Damit der Hund weiss, wie er sich im und um den Helikopter verhalten muss, wird vorgängig ein Kurs absolviert. Das Fliegen per se sei jedoch nie ein Problem: «Meistens geniessen sie den Flug sogar.»

 Auf Platz angekommen, gilt es ernst. Die Hunde sind ausgebildet, auf Kommando das Gebiet, zum Beispiel den Kegel einer Lawine, abzusuchen. Hier sind die Infos massgebend: Wie viele Menschen suchen wir? Haben wir einen Anhaltspunkt, wo wir suchen müssen? Je genauer die Infos sind, desto gezielter wird das eingegrenzte Gebiet abgesucht.

«In diesem Moment zählt jede Minute. Mensch und Hund sind höchst konzentriert.» Die Realität zeige sich oft bei der Bergung; nur weil die Hundeführer jemanden schnell orten können, bedeutet das noch lange nicht, dass die Person überlebt hat. Die Menschen werden mal lebend, mal leblos geborgen. Gerade bei Lawineneinsätzen seien die Überlebenschancen durch die ungenügende Sauerstoffzufuhr der Opfer aber gering. «Bei Lawineneinsätzen ist die Zeit unser grösster Feind»

Mit seiner Hündin Diva hat Philipp bereits mehrere Erfolgserlebnisse gehabt und insgesamt fünf Menschen aufgespürt. Zwei Personen konnten bei Lawineneinsätzen gefunden werden, zweimal hat sie bei der Geländesuche  die vermisste Person gefunden und einmal im Mantrailing einen entscheidenden Hinweis geben können, wodurch die gesuchte Person schliesslich gefunden wurde.

Für künftige Lawineneinsätze ist Chilly seit vergangenem Jahr einsatzfähig – Diva darf sich nach getaner Arbeit zur Ruhe setzen und ist nun pensioniert.

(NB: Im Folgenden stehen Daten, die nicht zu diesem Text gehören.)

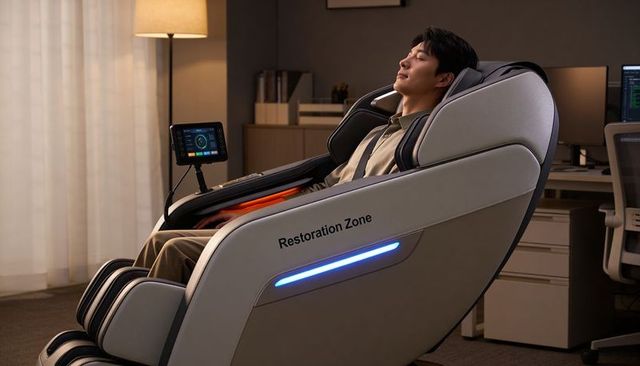 Young man relaxing in high-tech restoration zone massage chair in modern office workspace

Das Hochleistungsorgan der Vierbeiner

Die Nase des Hundes – ein beeindruckendes Werkzeug, welches auch Philipp immer wieder erstaunt: «Aus grossen Distanzen und auch unter meterdicken Schneedecken wittern diese Tiere die Zielpersonen. Deshalb gilt: Bei einem Einsatz ist nicht der Mensch, sondern der Hund der Chef – er hat schliesslich die Nase.»

Junge Hunde sind körperlich zwar fitter, in diesem Business gelte jedoch ganz klar Erfahrung als Tugend. Trainiert wird ein Hundeleben lang. Das Lawinentraining findet demnach zwischen Mitte November bis Ende März alle 14 Tage statt.

Auch dieses Jahr mussten Philipp und Chilly schon zu Einsätzen ausrücken. Die Schneeverhältnisse sagen wenig über die Einsatzzahlen aus; wenig Schnee schliesse viele Einsätze nicht aus. Der Aufbau der Schneedecke seien massgebend.

Wenn Philipp auf das letzte Jahrzehnt zurückblickt, sieht er einen grossen Fortschritt: Die Technik ist vorangegangen, Lawinensprengungen sind effektiver und es wird viel mehr Prävention betrieben. Trotzdem wird es immer wieder zu Lawineneinsätzen kommen; zu 10 bis 12 Einsätzen rücken die Hundeführer des Matter- und Saastal durchschnittlich aus.

Rettungshundeführer, definitiv kein alltäglicher Job. Für Philipp bringt er viel Freude - insbesondere das Teamwork zwischen Menschen und Hunden. Aber auch der Gedanke, jemandem zu helfen. «Der Bezug zur Rettung bleibt, einmal angefressen, wohl immer bestehen.»